Mohammed V et sa famille ne passeront pas l’Aid El Kebir, comme prévu, dans le Palais Royal de Rabat.

La veille, le 20 août, un avion DC3 s’embarque pour Ajaccio en Corse.

Il atterrit aux alentours de 22h à l’aérodrome de Campo del'Oro, à son bord le sultan Sidi  Mohammed Ben Youssef et le prince héritier Moulay El Hassan.

Le reste de la famille et une partie de la suite du sultan sont aussi du voyage.


Le déplacement n’a rien d’une promenade de santé.

L’avion  militaire accueille, en général, les parachutistes de l’armée française, le confort y est spartiate et la famille royale n’a à sa disposition que des banquettes en métal, un coussin d’aviateur et deux couvertures militaires.

Les voyageurs ne s’en formalisent pas. Ils sont rongés d’inquiètude sur le sort qui leur sera réservé.

Il faut dire que quelques heures plus tôt, dans la capitale du Royaume des engins blindés avaient encerclé le Palais.

Et c’est un général Guillaume, résident général de la France au Maroc, l’arme aux poings qui annonce au sultan sa destitution, faute d’avoir obtenu l’abdication du sultan.

Les relations, entre le sultan et les autorités du protectorat, s’étaient envenimées depuis plusieurs mois déjà.
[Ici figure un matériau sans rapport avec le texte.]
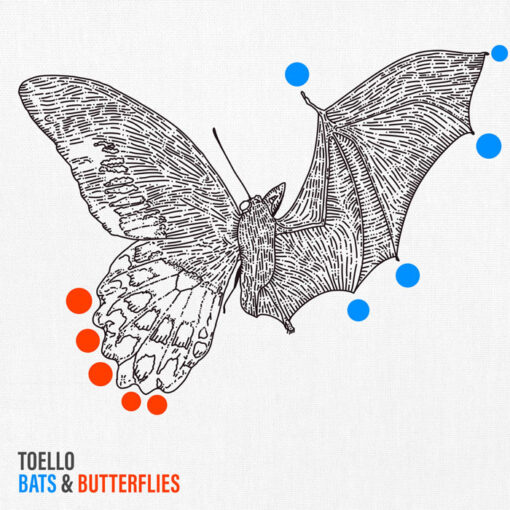 Toello - Bats & Butterflies / vinyl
Mohammed V, refusant de désavouer l’Istiqlal, mouvement fougueux, porteur de revendications nationalistes de plus en plus fortes, et ne désapprouvant pas officiellement les violences à l’encontre des colons et des intérêts français dans le pays. La décision a un effet immédiat, preuve, s’il en est, que les autorités françaises n’avaient aucune intention de négocier.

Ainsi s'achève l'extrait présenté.